Task statement:
Your answer must hold only the lines below from the line containing "Clover Airsoft-PTS EPM1" through the line containing "(Disney/David Bukach) Walter", each reproduced exactly.

Exercise material:
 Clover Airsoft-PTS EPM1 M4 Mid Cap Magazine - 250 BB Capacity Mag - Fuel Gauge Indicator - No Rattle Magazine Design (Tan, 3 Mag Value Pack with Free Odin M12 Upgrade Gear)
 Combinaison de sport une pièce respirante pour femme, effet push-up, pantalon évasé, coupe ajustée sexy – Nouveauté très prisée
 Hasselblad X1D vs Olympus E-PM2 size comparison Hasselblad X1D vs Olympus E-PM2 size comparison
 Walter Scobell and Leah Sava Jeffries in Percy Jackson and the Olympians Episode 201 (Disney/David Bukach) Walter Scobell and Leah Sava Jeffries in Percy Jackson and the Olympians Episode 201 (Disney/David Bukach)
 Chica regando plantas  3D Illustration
---
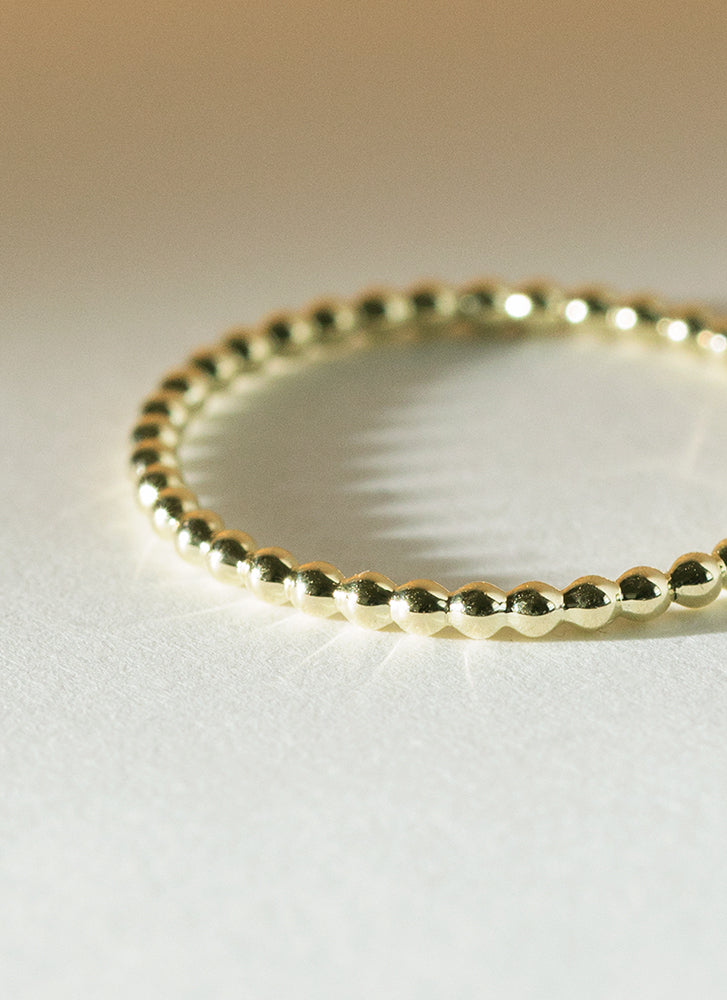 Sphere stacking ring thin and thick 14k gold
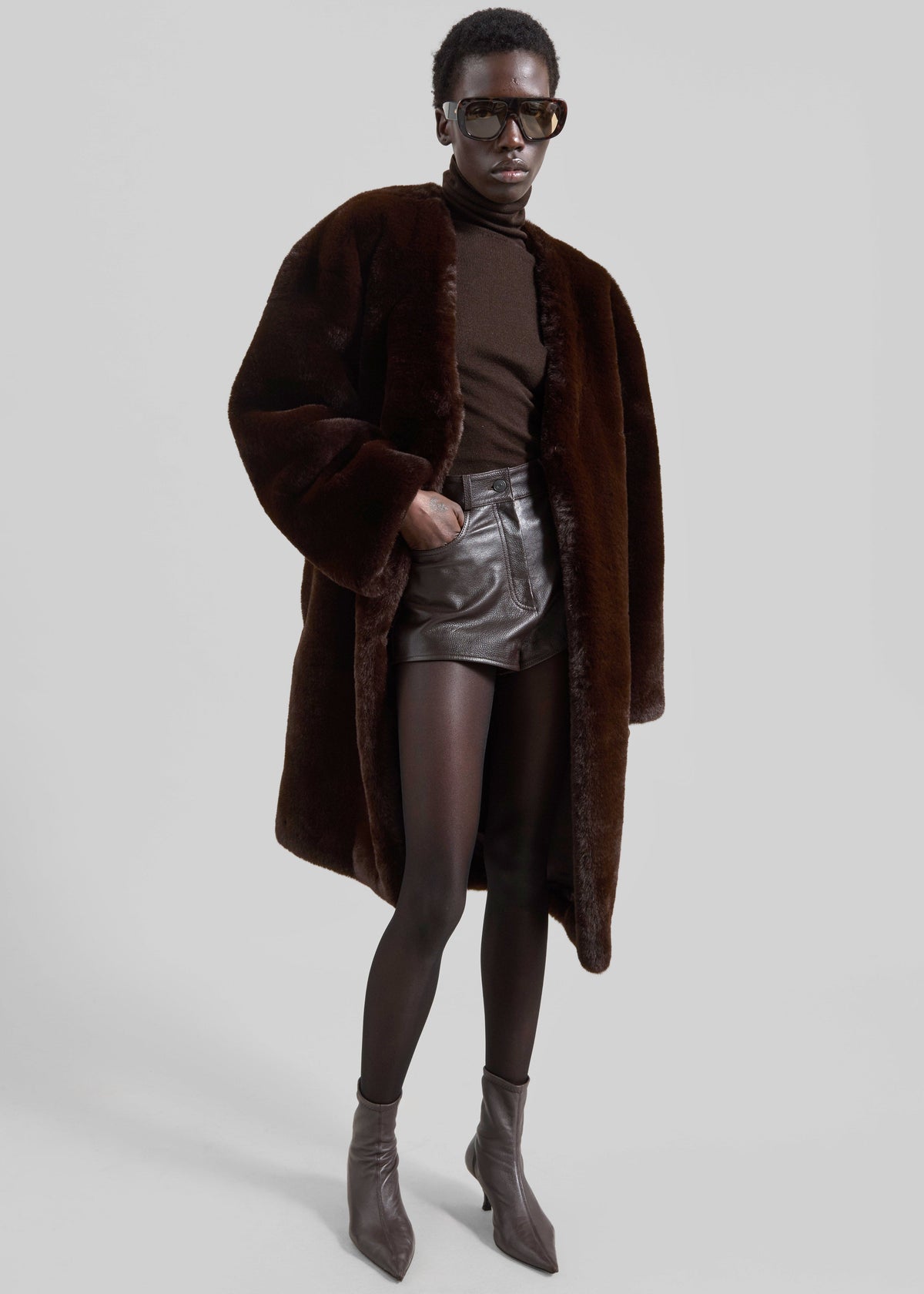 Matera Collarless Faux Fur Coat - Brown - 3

Result below:
 Clover Airsoft-PTS EPM1 M4 Mid Cap Magazine - 250 BB Capacity Mag - Fuel Gauge Indicator - No Rattle Magazine Design (Tan, 3 Mag Value Pack with Free Odin M12 Upgrade Gear)
 Combinaison de sport une pièce respirante pour femme, effet push-up, pantalon évasé, coupe ajustée sexy – Nouveauté très prisée
 Hasselblad X1D vs Olympus E-PM2 size comparison Hasselblad X1D vs Olympus E-PM2 size comparison
 Walter Scobell and Leah Sava Jeffries in Percy Jackson and the Olympians Episode 201 (Disney/David Bukach) Walter Scobell and Leah Sava Jeffries in Percy Jackson and the Olympians Episode 201 (Disney/David Bukach)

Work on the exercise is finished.